Smith Square Briefing – The Lyons Report
16 October 2014, Blog
The Labour Party released their much-anticipated Lyons Housing Review today, setting out plans to increase house building to 200,000 homes by 2020.
Of course, this is all prospective and completely dependent on whether Miliband and his party get into power following the election in seven months’ time.
The report recommends changes to current planning rules which would increase the supply of new homes. The report is the work of months of hard work from Sir Michael Lyons on behalf of the Labour Party.
In the wake of its release, the British Property Federation has called on all political parties to undertake similar reviews. Liz Pearce, chief executive of the Federation, said of the review: “The sensible review is extremely comprehensive and pinpoints exactly where problems in the planning system are and comes up with thoughtful solutions.” It will be interesting to see whether the other parties respond in any way to the report.
Labour said the report would make it mandatory for local authorities to have a local plan to meet the housing needs of the local community. There will also be financial incentives in place to local authorities so that they deliver a programme of new Garden Cities and Garden Suburbs to unlock 500,000 homes. This incentive has been met positively from some of the country’s leading property experts. Stewart Baseley, executive chairman of the Home Builders Federation said of the report: “We welcome the commitment by Labour to increase housing supply…Policies that would result in more land coming forward for development more quickly and further assist first time buyers would clearly provide a boost to housing supply.”
Other policies include:
- Measures to drive competition in the house building industry, increase capacity, and expanding the number of small firms
- A ‘Help to Build’ scheme to underwrite loans to small builders to get them back on track and fast-track planning on small sites
However, the report has also been slated by a number of experts. Matt Hutchinson, director of the UK’s biggest flat share site SpareRoom.co.uk, said: “Ed Miliband has missed a trick by sweeping great swathes of the electorate under the carpet – those people in private rented accommodation who are facing soaring rents, with little to no prospect of ever owning their own homes.
“The cold hard truth is we can no longer expect to be a nation of homeowners – the underlying structure of the property market has changed too much.”

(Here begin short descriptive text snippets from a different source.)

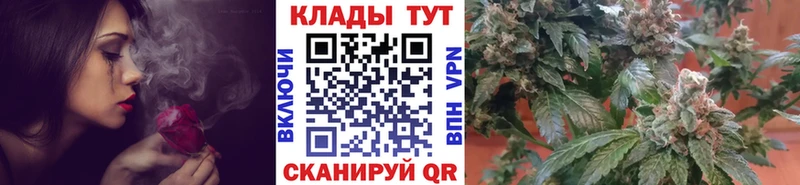 Где найти наркотики Сургут Конопля  Мефедрон  A-PVP  ГАШИШ 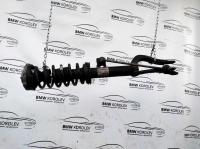 Амортизатор подвески левый передний BMW 5 F10 31316852873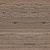 0406_mika_travertin_kapuchino
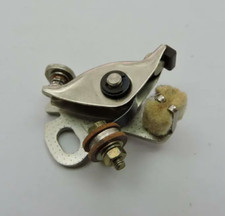 New oem honda for sale  Odessa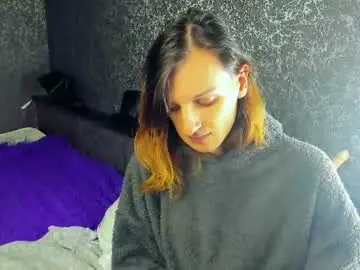 anjella_botton from chaturbate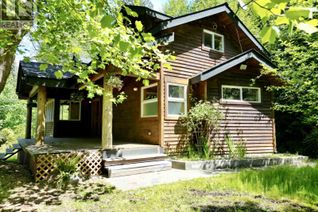Detached House for Sale, 722 West Bay Road, Gambier Island, BC Detached House for Sale, 722 West Bay Road, Gambier Island, BC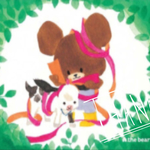 sora-ryu様専用ページ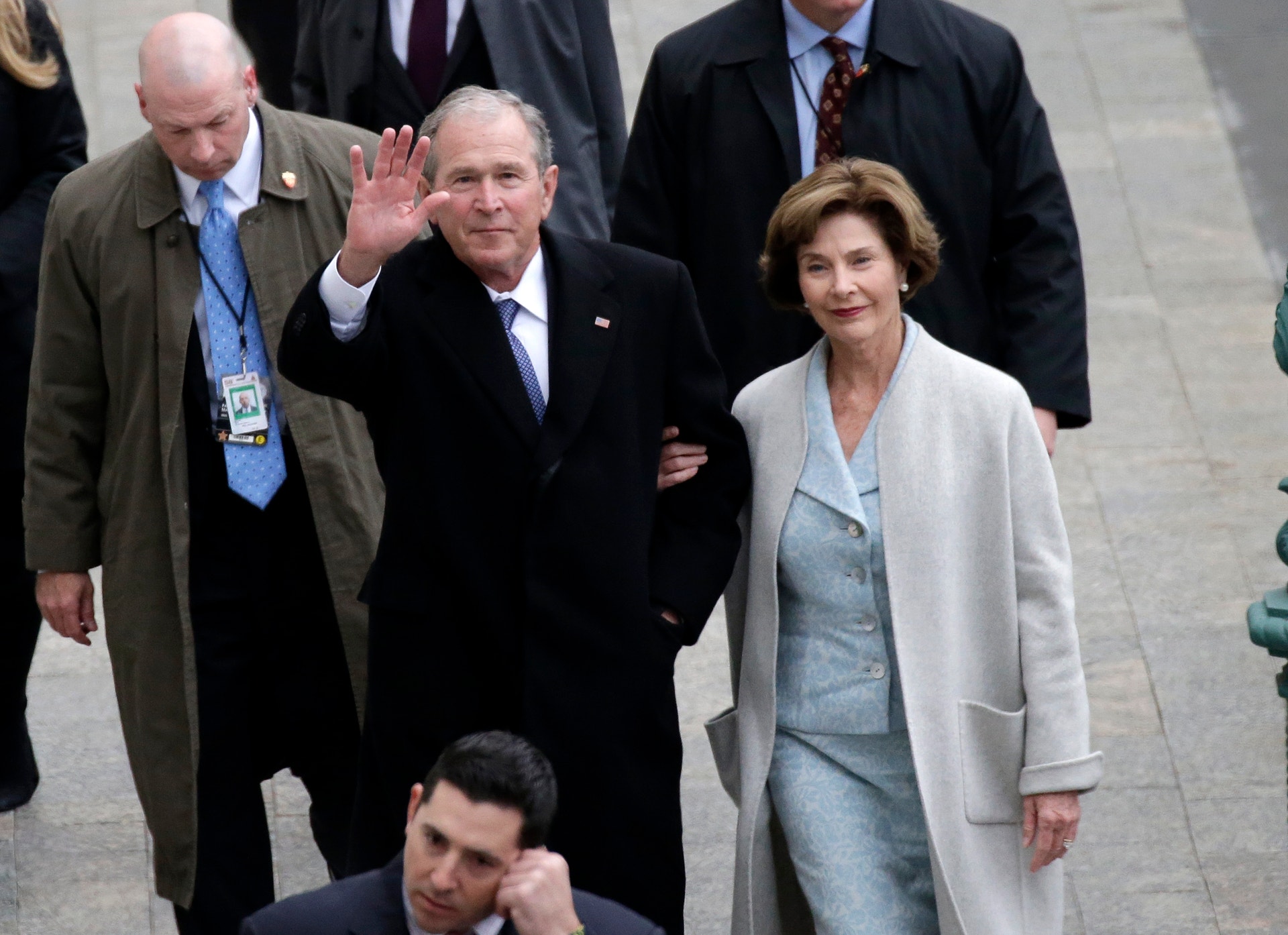  Foto: Reuters 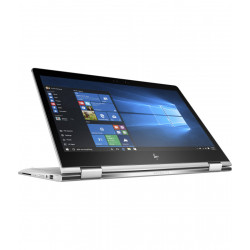 HP EliteBook x360 1030 G4 avec pré-installation OS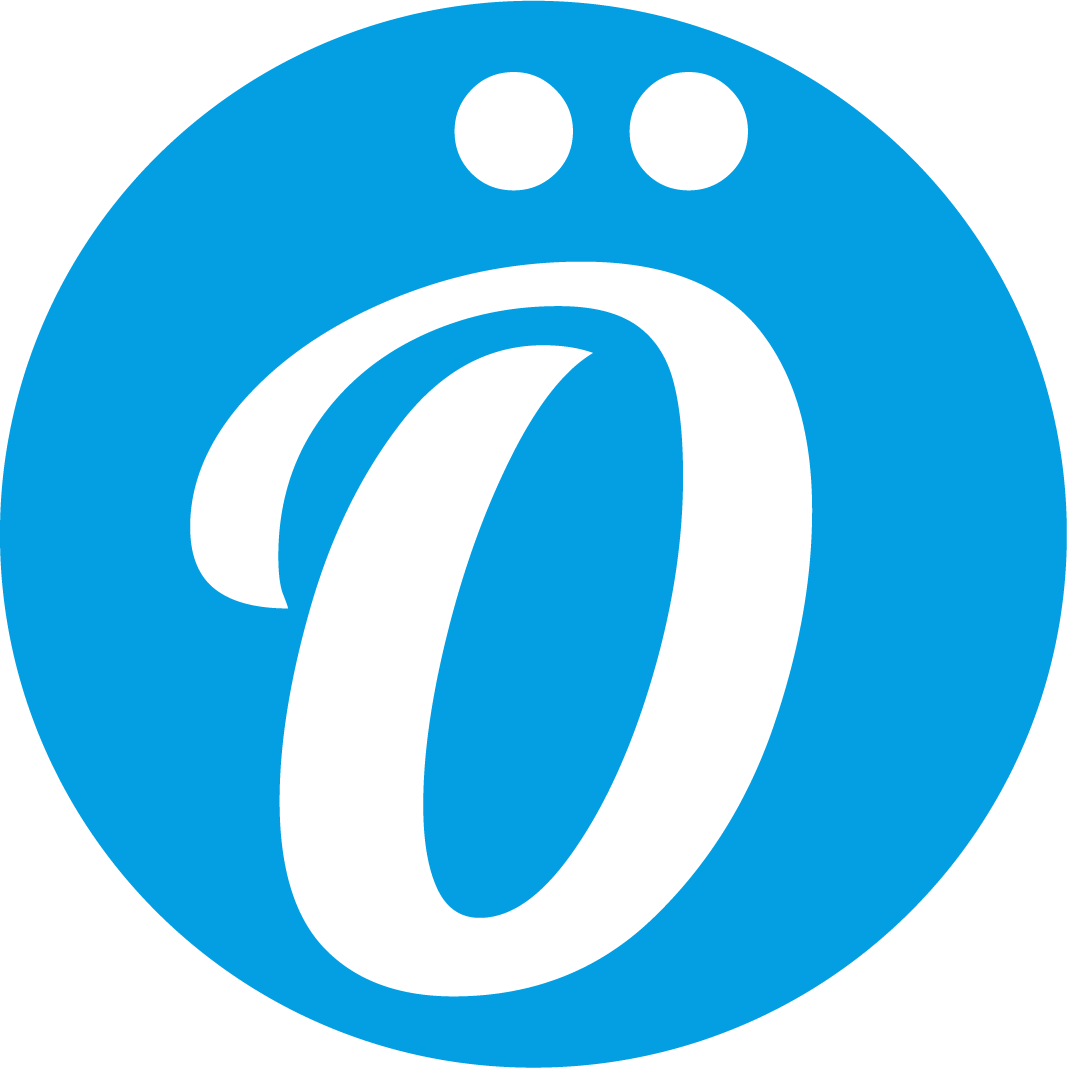 oecher-werke.de icon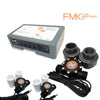 NS Neptune Systems FMK Fluid Monitoring Kit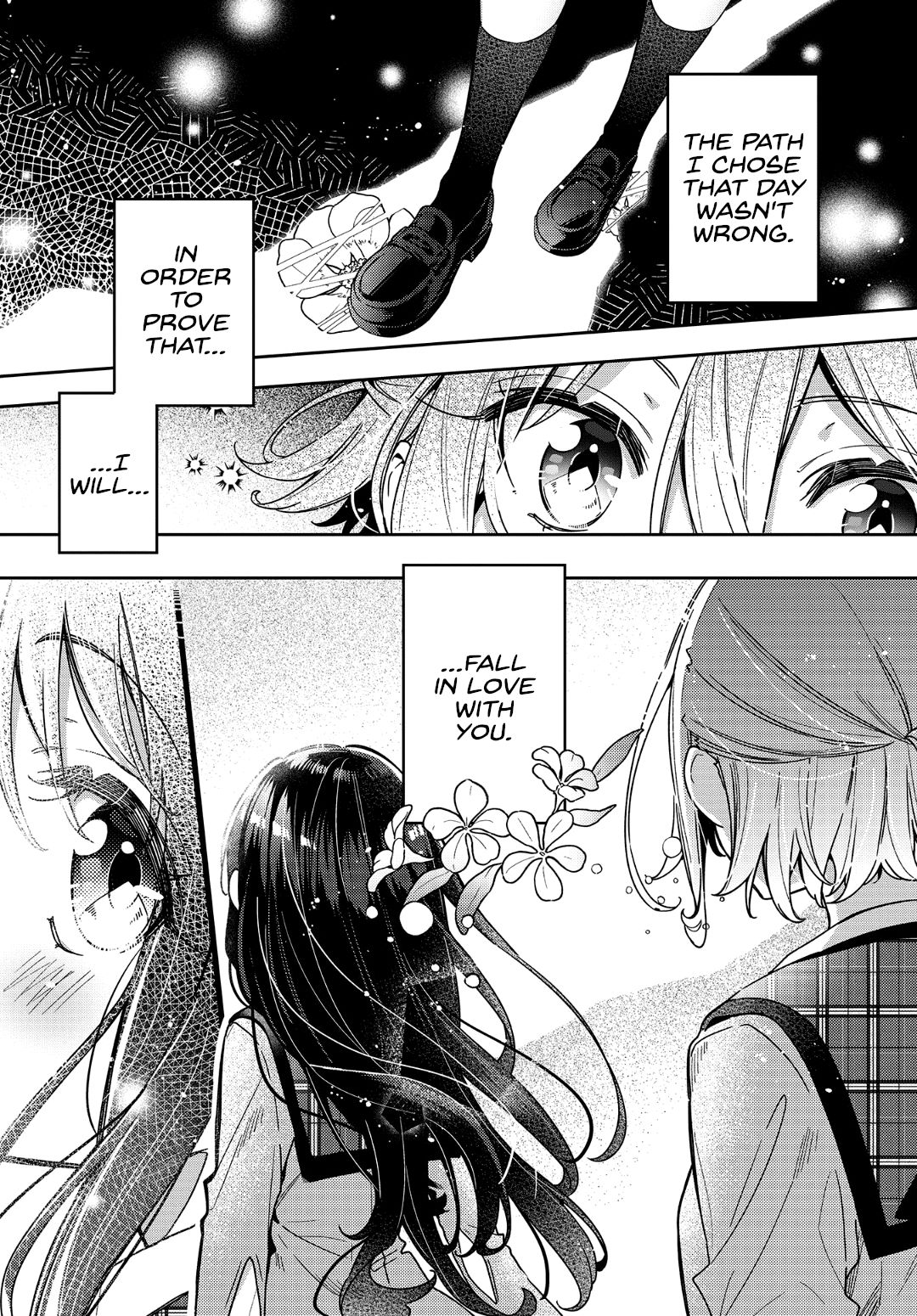 Page 1 of Chapter 2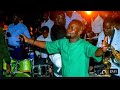 PRINCE INDAH JOFITINA CRAZY PERFORMANCE LIVE ON STAGE KISUMU OBAMBO
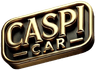 Caspi Car Logo
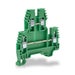 KN-D12GRN Thumbnail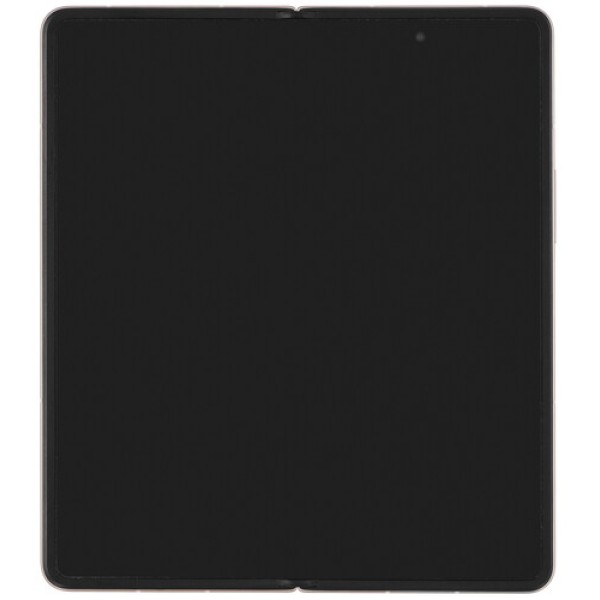 7.85" Смартфон Tecno PHANTOM V Fold 512 ГБ белый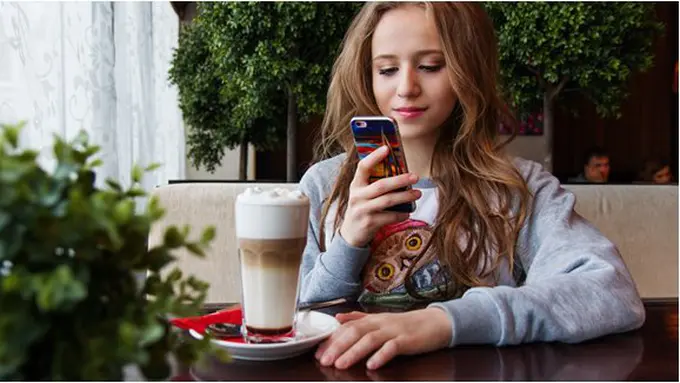 BBM/copyright pixabay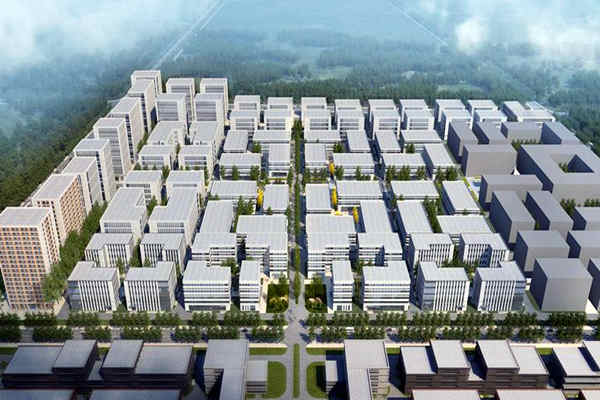 能耗監(jiān)測明顯降低了企業(yè)管理成本！(圖1)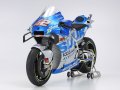 Tamiya 14139-Team Suzuki ECSTAR GSX-RR (3).jpg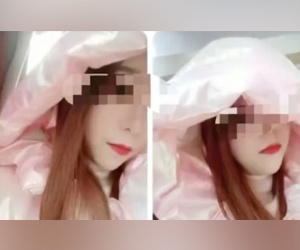 Hotgirl mạng yêu 10 chàng trai cùng lúc, sự thật khiến dân mạng ngã ngửa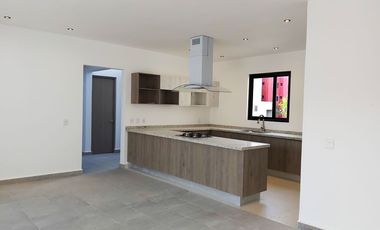 Casa  venta Fraccionamiento  Punta del Cielo San Miguel de Allende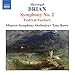 Symphony 2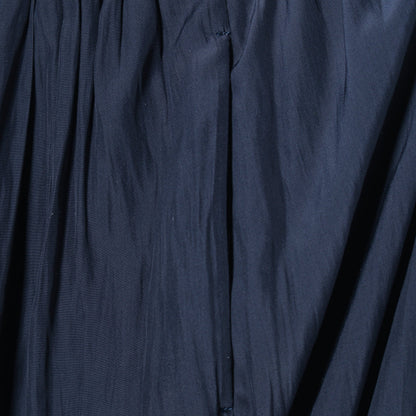 SHIPS:スカート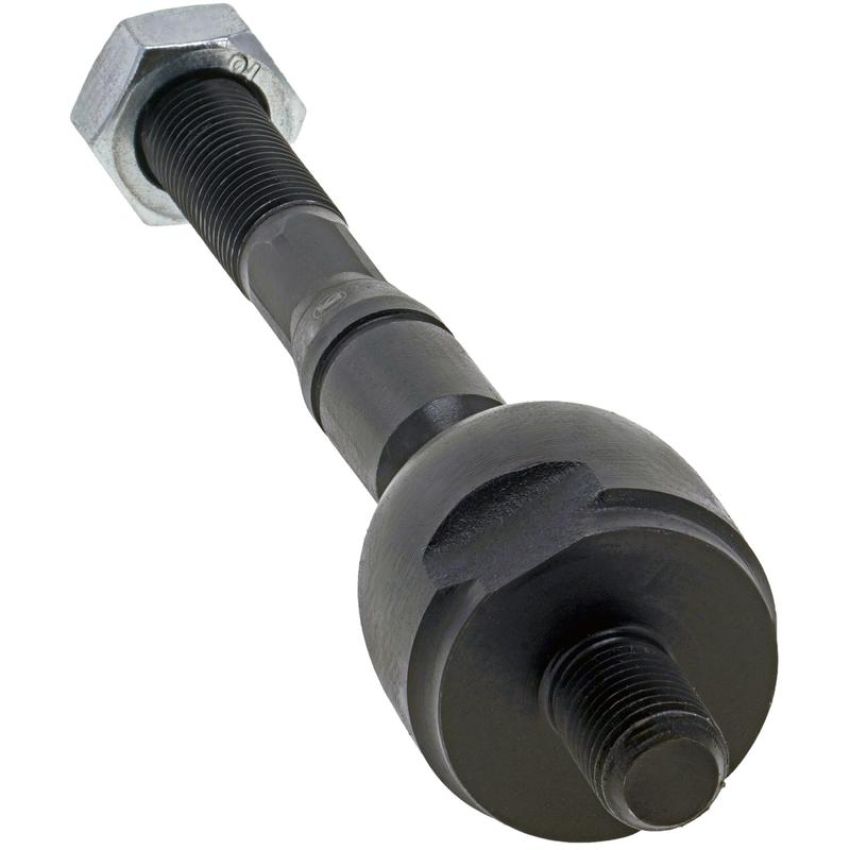 MEVOTECH OG GEV423 Steering Tie Rod End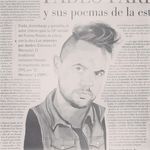 Pablo Paredes - @pabloparedesm - Instagram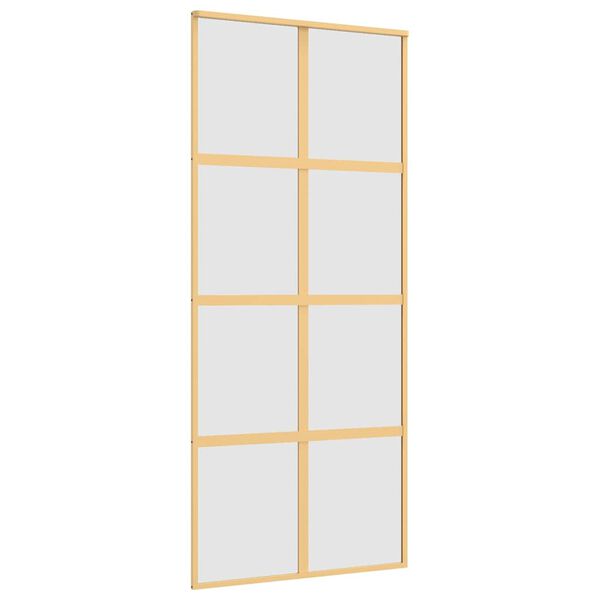 Viser produktbillede 1 af 10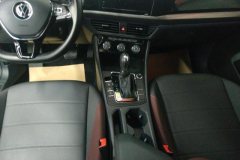 2022 Volkswagen Bora Sedan 2021 1.5 AT ComfortSmart Connect #16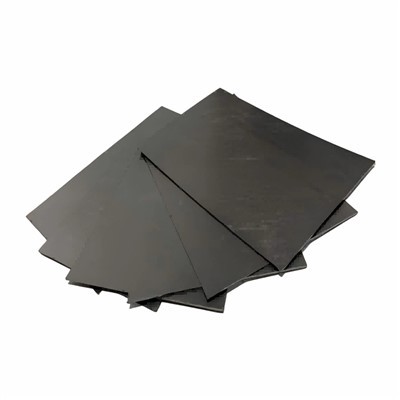 I-Ultra - iPhepha eliNcinci leGraphite leThermal Conductivity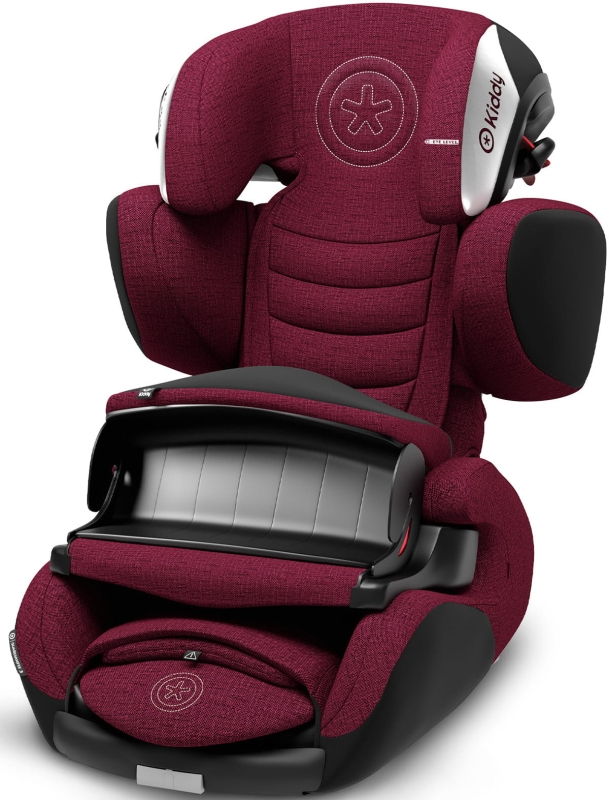 Kiddy-Guardianfix-3-Beet-Red-Melange-Icy-Grey.jpg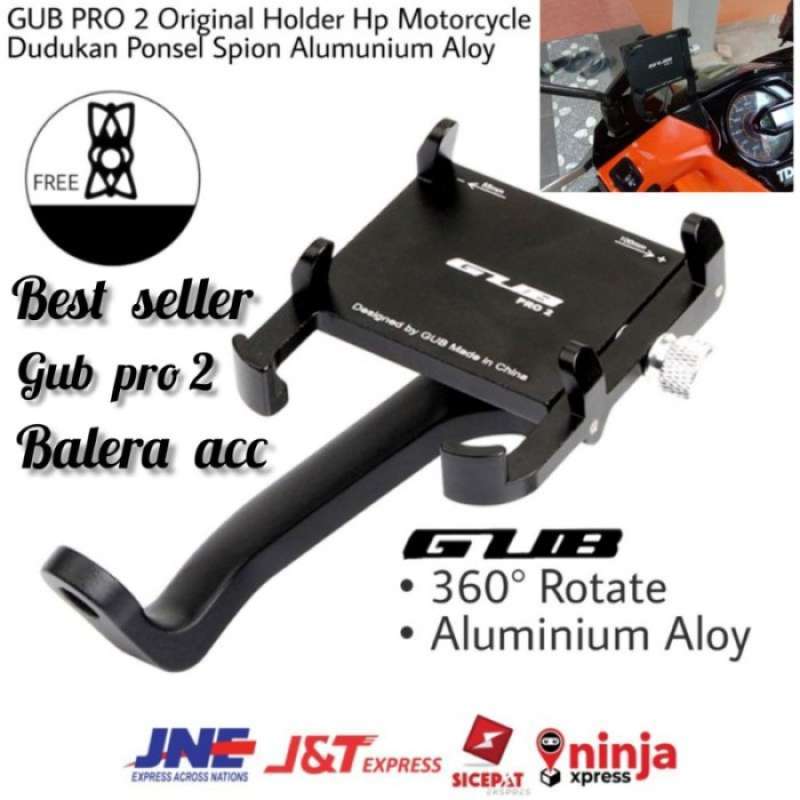 Gub pro hot sale 2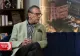 Podcasturile REALITATEA - Ceva-n PLUS. Dirijorul Florin Totan, în premieră la Realitatea Plus: „Ce simte un dirijor pe scenă?”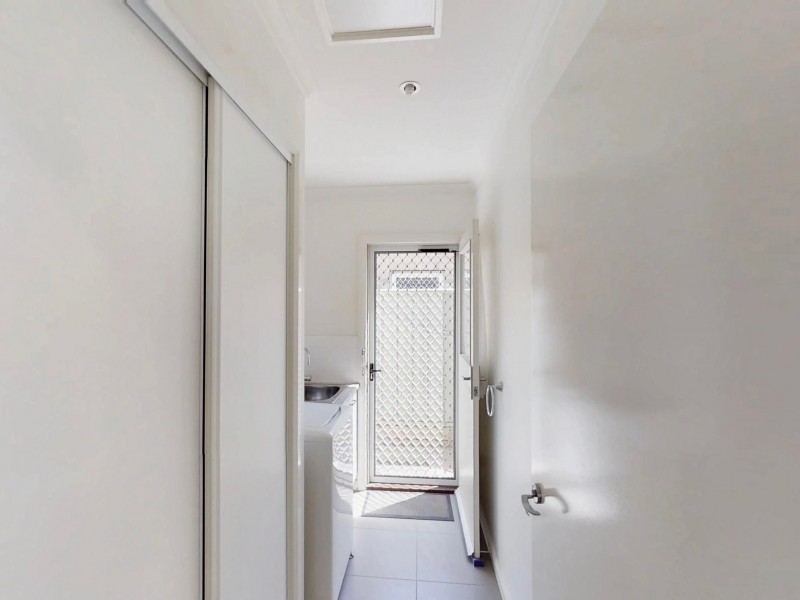 11 Plumridge Street, White Hills VIC 3550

Miliband has promised that first time buyers will get priority. He also promises new ‘Housing Growth Areas”, which will give local authorities the power to assemble land and give certainty that building will take place. The question remains whether Labour can deliver on their promises. Ed Goodworth, real estate partner at consultancy BDO who has some concerns, said: “Plans to build 200,000 homes are all well and good, but how do the various political parties propose to do this? There are changes needed to the existing system to get Britain building in the first place, before Labour, or anyone else, can promise to set aside new homes for first-time buyers…Policymakers need to address the supply issue, in order to meet the UK’s housing demands.”
As the election creeps slowly closer, the main parties still have plenty to talk about on the more prevalent issues in UK politics, such as the NHS, immigration and housing. Labour has made the first move on housing, and it will be interesting to see the response from the Government parties. The report calls for power to be handed to local authorities alongside incentive schemes encouraging them to take up the offer. The Lyons Report is ambitious but will it generate support for Labour in the run up to the election? We shall see.
Whilst there are some interesting points in the report such as giving greater powers to the Planning Inspectorate, under the surface it’s difficult to tell what impact this will have on the ground.
Local Authorities already have incentives to agree a Local Plan as it allows them to control speculative development and gives them a greater say over how their communities grow – and the Planning Inspectorate is already responsible for approving these. Similarly, the promise to ensure a proportion of planning gain is invested in schools, roads and other community infrastructure already happens in large schemes, as any local authority planning officer worth their salt will insist on Section 106 contributions targeted in these areas.
It would be interesting to see just how PINS would force Local Authorities who fail to put together a satisfactory Local Plan. Will they tell them to go back and re-write it just as they do now, or will they step in and write it for them? If the latter then this would be quite a radical move for Labour, and whilst popular with some would surely be looked on as a loss of local democracy.
The reports present some interesting ideas, but the devil is definitely in the detail.